Granted, everyone has their own opinions about how they want to do things when they find out they are going to be parents. For example, finding out the sex of the baby. Some people want the surprise. My wife told me she was pregnant, and I decided that was MORE THAN ENOUGH surprise for me. :D I wanted to know the sex asap. I thought it helped me to plan ahead with room painting, reorganization, planning, etc. There are many trials and tribulations you will soon face. Don't sweat it. You will hear about them...often. Some ideas on how to deal with them are great, others not. You will find out what works best for you. I found out that I can function successfully on two hours of sleep a night for a year. One thing is certain, your life will change, you might not think it will always be for the better, but you won't change it for the world. I wish you the best of luck dad-to-be. Don't worry about it. You'll do fine.

jenglin
05-20-2008, 02:20 PM
My wife and I have a 17 month old and one due in July. I quickly learned how to "roll with the punches" when learning how to be a parent. When I play with my son it is so hard to image life without them and what we did with all of our free time. They are truely a gift from God and are so precious. As I'm sure a lot of people have told you to get as much sleep as possible now, they are not joking! Sleep every chance you get! Just as my wife and I started to enjoy our sleep she got pregant again and the tossing and turning and snoring started all over again. Like our first one, my wife was sick from day one till the day she had our son. Some women are only sick for the first trimest, some aren't sick at all, and there are those (my wife) that are sick all nine months. Hope this didn't scare you, but Congratulations and Good Luck!

Jesus_Freak
05-20-2008, 02:25 PM
My wife and I just found out we are going to have a baby. It was planned so it is really really exciting. Now that my work is done I'm not really sure what to expect over the next few months. I'm not sure how I can help my wife through all of this and then really don't know what to do the first couple months. I know I will figure it out and it will be fine but I also know there are a lot of Dads on here that might be able to illiminate some of the pit falls of the first-time Dad. Any advice would be great. Thanks in advance.

Congratulations bro!

Knox's_Better_half
05-20-2008, 02:29 PM
Ok, so you were not really asking for a moms opinion, but here goes. The hubby and I have 4 kids. together we have 3 and I can tell you this. You will read all of the books and you rminds will race with all the questions and what if scenarios, but each day will bring something new. Relax, enjoy, listen...not just to her, but each of you to each other. Realize that if she is in pain, you can try to ease the pain, but you can not fix her! Congratulations to you both...children are truly Gods greatest blessing! Our blessings are 11, 9, 7 and 7 months...2 girls and 2 boys.

stuartmcnair
05-20-2008, 03:29 PM
Congratulations!!!

First thing you should do is change your direct deposit to Babies 'R Us.

Jorski
05-20-2008, 09:21 PM
You don't have to do anything but relax and enjoy the experience. Honestly, the most fun I have is playing with my kids, and watching them play sports, or try new things and so on.

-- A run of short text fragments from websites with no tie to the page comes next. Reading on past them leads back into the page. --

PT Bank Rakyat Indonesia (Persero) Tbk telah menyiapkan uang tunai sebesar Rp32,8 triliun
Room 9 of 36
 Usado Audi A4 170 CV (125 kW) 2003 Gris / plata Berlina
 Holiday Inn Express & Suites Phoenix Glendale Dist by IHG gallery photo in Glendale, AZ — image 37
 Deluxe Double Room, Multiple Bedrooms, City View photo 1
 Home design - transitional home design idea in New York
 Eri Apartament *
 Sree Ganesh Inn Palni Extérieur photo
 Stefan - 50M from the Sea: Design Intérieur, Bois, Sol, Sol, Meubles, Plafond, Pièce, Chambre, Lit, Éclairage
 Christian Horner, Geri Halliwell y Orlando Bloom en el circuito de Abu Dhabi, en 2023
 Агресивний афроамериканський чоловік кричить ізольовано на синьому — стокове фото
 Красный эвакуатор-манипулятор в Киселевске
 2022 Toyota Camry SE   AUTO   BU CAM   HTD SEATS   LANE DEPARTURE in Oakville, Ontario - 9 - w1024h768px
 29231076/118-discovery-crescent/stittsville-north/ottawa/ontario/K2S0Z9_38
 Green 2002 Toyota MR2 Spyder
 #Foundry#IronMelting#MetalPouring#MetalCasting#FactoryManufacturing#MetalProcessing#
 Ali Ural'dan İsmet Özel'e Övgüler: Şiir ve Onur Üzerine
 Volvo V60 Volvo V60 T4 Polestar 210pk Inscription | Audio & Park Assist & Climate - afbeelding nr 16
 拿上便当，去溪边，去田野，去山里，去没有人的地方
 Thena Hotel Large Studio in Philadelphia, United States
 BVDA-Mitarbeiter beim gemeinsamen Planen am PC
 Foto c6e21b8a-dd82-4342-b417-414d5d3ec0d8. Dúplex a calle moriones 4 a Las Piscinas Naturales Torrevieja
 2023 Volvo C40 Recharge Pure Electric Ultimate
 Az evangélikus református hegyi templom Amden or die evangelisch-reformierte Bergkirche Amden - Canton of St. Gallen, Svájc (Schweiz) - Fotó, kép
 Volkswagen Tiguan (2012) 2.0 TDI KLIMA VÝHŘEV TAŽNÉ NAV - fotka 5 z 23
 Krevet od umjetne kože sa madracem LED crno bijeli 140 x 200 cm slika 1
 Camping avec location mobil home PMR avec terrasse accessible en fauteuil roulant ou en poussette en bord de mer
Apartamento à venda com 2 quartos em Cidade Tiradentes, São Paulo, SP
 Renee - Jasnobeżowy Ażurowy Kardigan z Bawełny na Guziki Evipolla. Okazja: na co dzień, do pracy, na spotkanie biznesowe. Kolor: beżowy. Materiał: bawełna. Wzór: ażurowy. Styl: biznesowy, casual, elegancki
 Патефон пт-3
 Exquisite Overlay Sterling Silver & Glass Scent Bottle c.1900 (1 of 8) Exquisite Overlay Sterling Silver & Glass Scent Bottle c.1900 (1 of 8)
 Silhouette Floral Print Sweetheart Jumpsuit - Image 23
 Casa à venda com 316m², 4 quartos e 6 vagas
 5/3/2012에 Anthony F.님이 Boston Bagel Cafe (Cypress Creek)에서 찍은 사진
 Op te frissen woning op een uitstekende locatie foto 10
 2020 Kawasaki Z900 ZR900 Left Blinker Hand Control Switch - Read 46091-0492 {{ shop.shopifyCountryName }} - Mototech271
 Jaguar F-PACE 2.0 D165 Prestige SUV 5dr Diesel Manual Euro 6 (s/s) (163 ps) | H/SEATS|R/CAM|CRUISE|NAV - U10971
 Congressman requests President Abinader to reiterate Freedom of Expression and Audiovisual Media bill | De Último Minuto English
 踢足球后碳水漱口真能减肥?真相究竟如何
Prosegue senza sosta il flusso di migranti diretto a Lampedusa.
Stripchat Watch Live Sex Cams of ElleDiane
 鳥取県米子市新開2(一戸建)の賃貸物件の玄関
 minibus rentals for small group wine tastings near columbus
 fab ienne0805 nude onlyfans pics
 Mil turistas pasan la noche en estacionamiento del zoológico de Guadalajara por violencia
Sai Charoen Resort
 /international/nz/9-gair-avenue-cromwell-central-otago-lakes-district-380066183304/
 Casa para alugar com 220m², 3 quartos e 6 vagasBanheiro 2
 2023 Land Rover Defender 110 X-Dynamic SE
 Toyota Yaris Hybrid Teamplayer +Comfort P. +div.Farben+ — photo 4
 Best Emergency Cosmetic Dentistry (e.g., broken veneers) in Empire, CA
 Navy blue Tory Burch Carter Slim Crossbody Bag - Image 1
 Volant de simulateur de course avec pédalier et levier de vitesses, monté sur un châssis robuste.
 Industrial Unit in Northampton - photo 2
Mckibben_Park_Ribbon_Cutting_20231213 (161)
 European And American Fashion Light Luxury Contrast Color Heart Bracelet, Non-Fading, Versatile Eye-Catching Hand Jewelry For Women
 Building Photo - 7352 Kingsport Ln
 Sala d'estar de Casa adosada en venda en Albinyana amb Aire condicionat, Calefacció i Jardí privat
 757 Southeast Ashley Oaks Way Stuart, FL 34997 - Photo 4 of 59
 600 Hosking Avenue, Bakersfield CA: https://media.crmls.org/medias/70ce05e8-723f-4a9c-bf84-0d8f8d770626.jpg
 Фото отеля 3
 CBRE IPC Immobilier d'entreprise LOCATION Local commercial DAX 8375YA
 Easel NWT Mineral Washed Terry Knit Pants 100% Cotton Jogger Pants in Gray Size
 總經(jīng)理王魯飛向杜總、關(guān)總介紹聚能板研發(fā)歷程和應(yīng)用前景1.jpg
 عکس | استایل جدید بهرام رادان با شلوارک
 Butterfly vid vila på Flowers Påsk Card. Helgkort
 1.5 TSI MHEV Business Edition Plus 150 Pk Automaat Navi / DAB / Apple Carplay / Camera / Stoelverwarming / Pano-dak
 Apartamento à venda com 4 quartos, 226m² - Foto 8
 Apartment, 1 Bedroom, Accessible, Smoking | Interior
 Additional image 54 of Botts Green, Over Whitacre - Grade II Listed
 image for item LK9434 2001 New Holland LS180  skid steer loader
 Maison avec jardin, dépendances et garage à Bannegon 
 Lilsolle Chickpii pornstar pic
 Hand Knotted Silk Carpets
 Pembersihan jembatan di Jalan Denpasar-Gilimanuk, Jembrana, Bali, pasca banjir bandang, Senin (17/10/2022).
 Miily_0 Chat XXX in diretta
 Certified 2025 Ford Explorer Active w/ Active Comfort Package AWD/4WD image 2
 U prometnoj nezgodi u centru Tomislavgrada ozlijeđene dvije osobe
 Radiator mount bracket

It'll be cool, just make sure that you don't worry too much...it's been done for thousands of years. Nothing a little thought and common sense can't take care of!

H20BOY
05-20-2008, 11:57 PM
My wife is 7 1/2 months pregnant, and I have to say she has been wonderful. My advice so far would be enjoy the time it is just the two of you and do what ever she wants to do. Take care of her when she is sick and show her she is #1.